A team that’s blessed with the twin-batting-talents of Kohli and Sharma- what could possibly be a great nadir? Yuvraj Singh has the answer!
Virat Kohli’s Team India can be proud, very proud of the way it competed in the 2019 World Cup, now on the verge of completion. India were one of the semi-finalists in the much-appreciated and widely-followed tournament.
There’s a reason why he’s called the hitman. Rohit Sharma, with 5 ODI hundreds in a single edition of the world cup became the only man to fire as many centuries. While Kohli not scoring a single century was a bit of a letdown, his constant fifties kept India in the hunt always.
Last but not least, the mega all-round performance of ‘Sir’ Ravindra Jadeja in a game that sunk hundreds and thousands of hearts stood out as the only high for India where there was no dearth of tears galore.
But all the positives said, there was one concern that India failed to avoid or ignore: the key problem in the middle order.
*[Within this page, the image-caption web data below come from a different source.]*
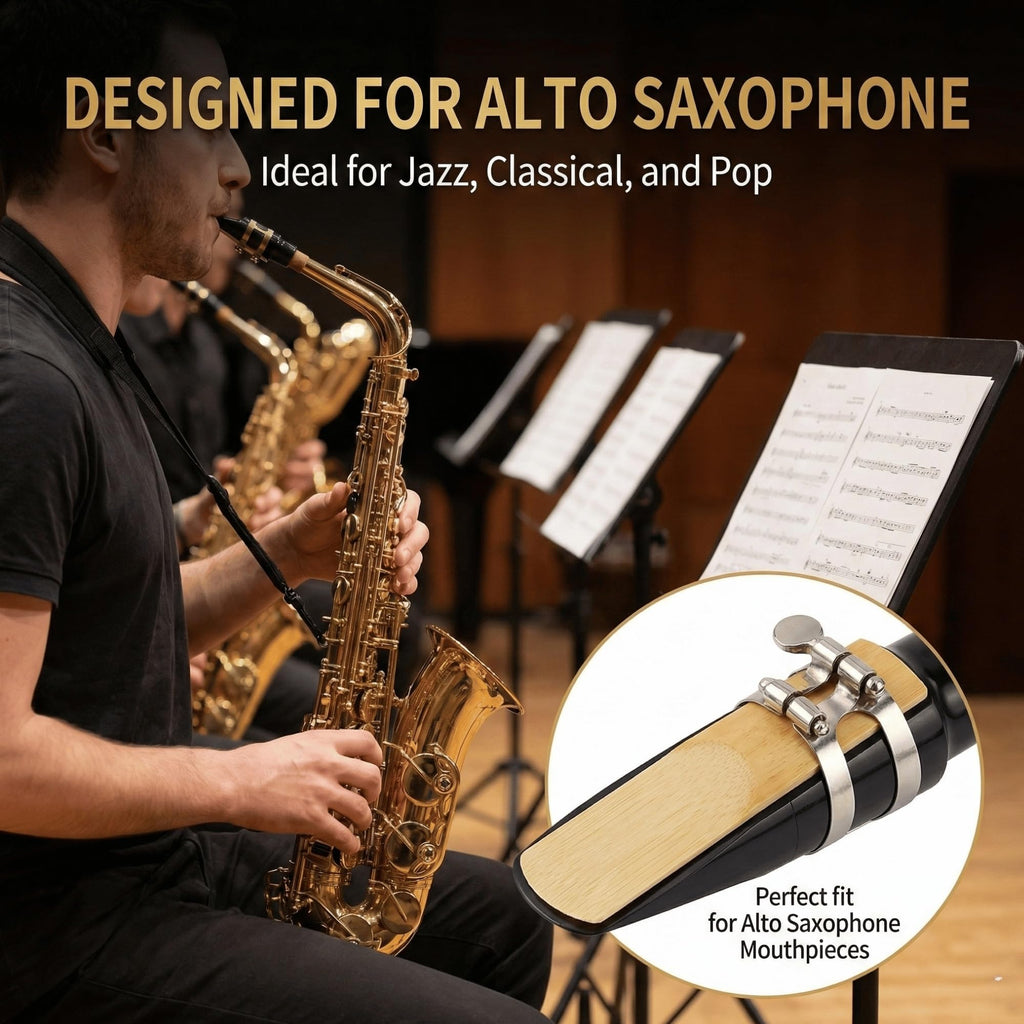 Alto Saxophone Reeds Strength 2.5 10 Pack Q407313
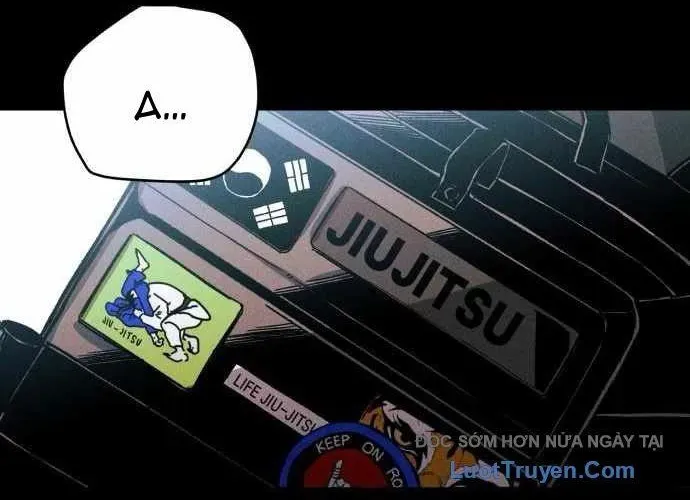 Lây Nhiễm - Làm Sóng Zombie Chapter 14 - 132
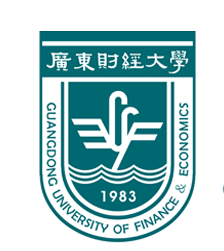 广东财经大学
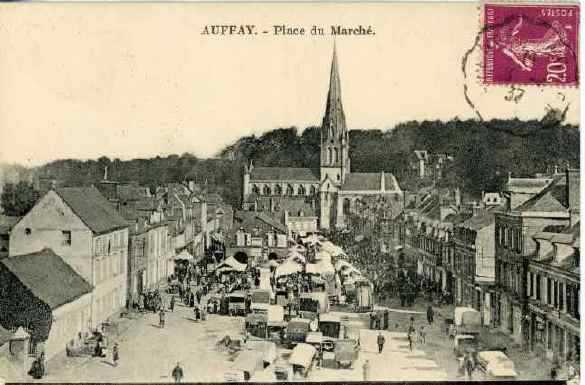 auffay-place-marche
And now, the recent retiree Yuvraj Singh, a man with nearly 9000 ODI runs has spoken on the key issue that might have let India down.
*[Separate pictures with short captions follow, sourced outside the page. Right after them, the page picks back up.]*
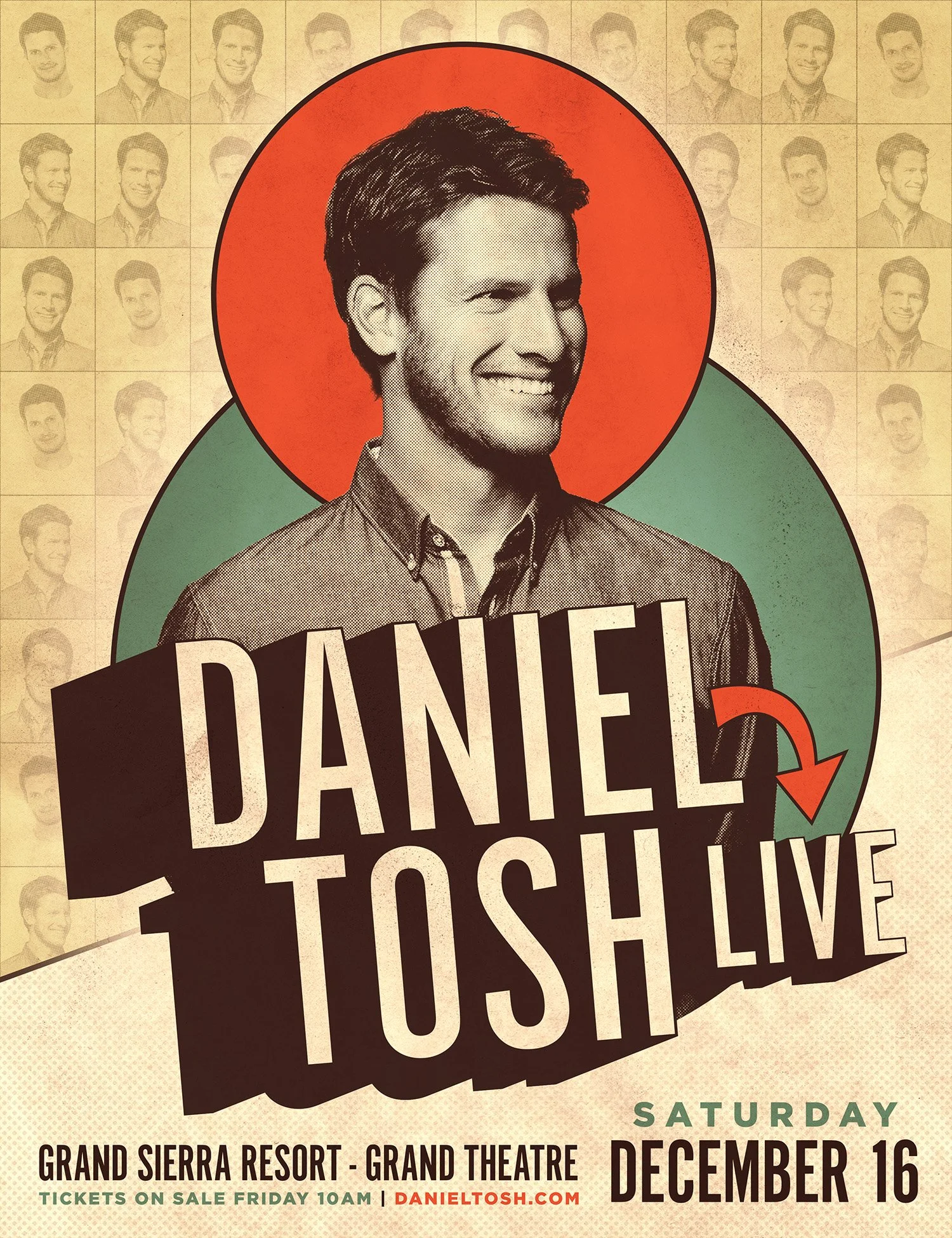 DanielTosh_2023_Live_ART01.jpg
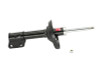 KYB Shocks & Struts Excel-G Front Right SUBARU Legacy Outback Outback 2005-09
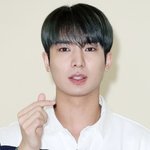 아 박건욱 누구 닮았는지 드디어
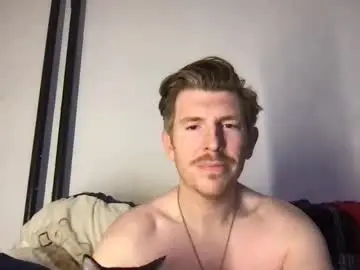 Chaturbate Private Sex Chat of freddyfootball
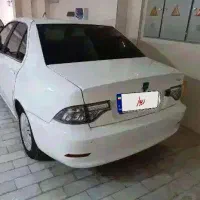 موتور جدید سیمی فول ۸۵گانه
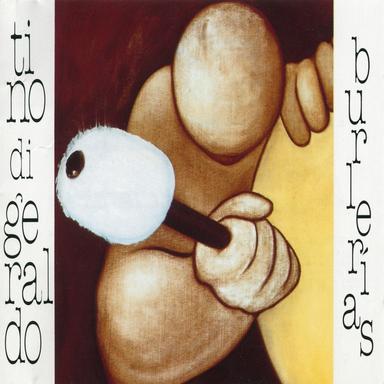 Bulerías Del Norte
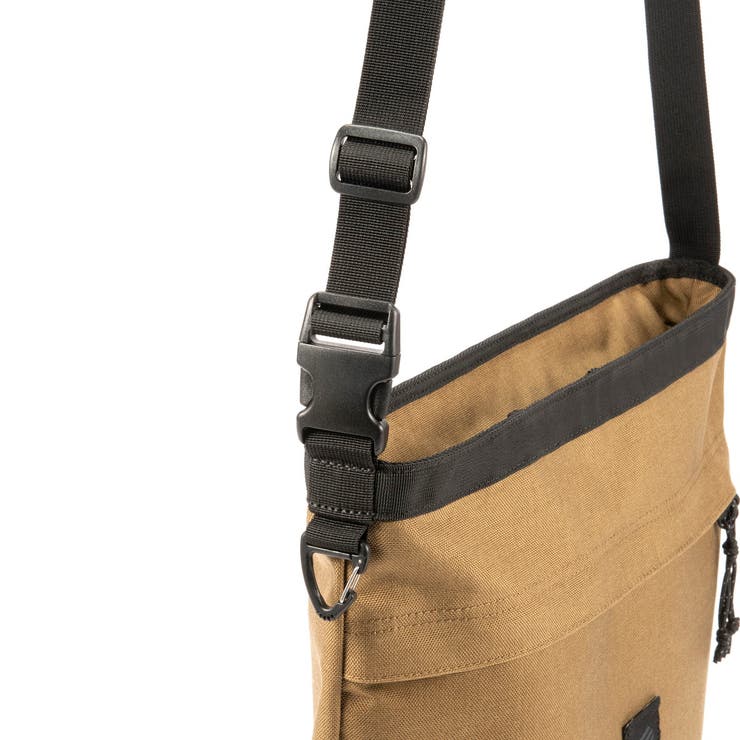 エッジリンク ショルダーバッグ メンズ | ギャレリア Bag＆Luggage | 詳細画像29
Yeah, perhaps you know this downer a bit too well- don’t you. Yuvraj Singh has shared that the lack of a specialist batsman in the important middle-order may have hurt India’s chances, a team that did pretty much everything right and spot on before it would find itself being run down by Kane Williamson’s New Zealand.
So what exactly did the famous Prince of Punjab share on India’s middle-order woes? Well, find out for yourself hereunder:
“The team management should have groomed someone. If someone was failing at No. 4, the team management should have told that player that he was going to play the World Cup. Like in the 2003 World Cup, we were playing New Zealand before the tournament, everybody was failing. But the same team played in the World Cup,” Yuvraj Singh was quoted as saying.
“It was disappointing to watch what they did with Rayudu. He was in the contention for the World Cup. He got runs in New Zealand but after three or four bad innings, he got dropped,” Yuvraj added. “And then Rishabh (Pant) came in and he got dropped. If No. 4 is a crucial position in ODI cricket, if you want someone to do well in that position, you will have to back him. You can’t drop someone if he is unable to do well all the time,” he told.
That said, it’s worthwhile to note that once upon a time, not too long from the present day, Yuvraj Singh himself was the key man in for India at number 4. It was this very position from which he ended up scoring 3400 of his 8700 ODI runs, including 6 of his 14 tons and 17 of his 52 fifties.
That said, while it makes little sense to have this matter discussed now that it’s all over for Kohli’s army, one can’t help but ask, could taking Yuvraj to the 2019 World Cup in England have answered the key middle-order dilemma?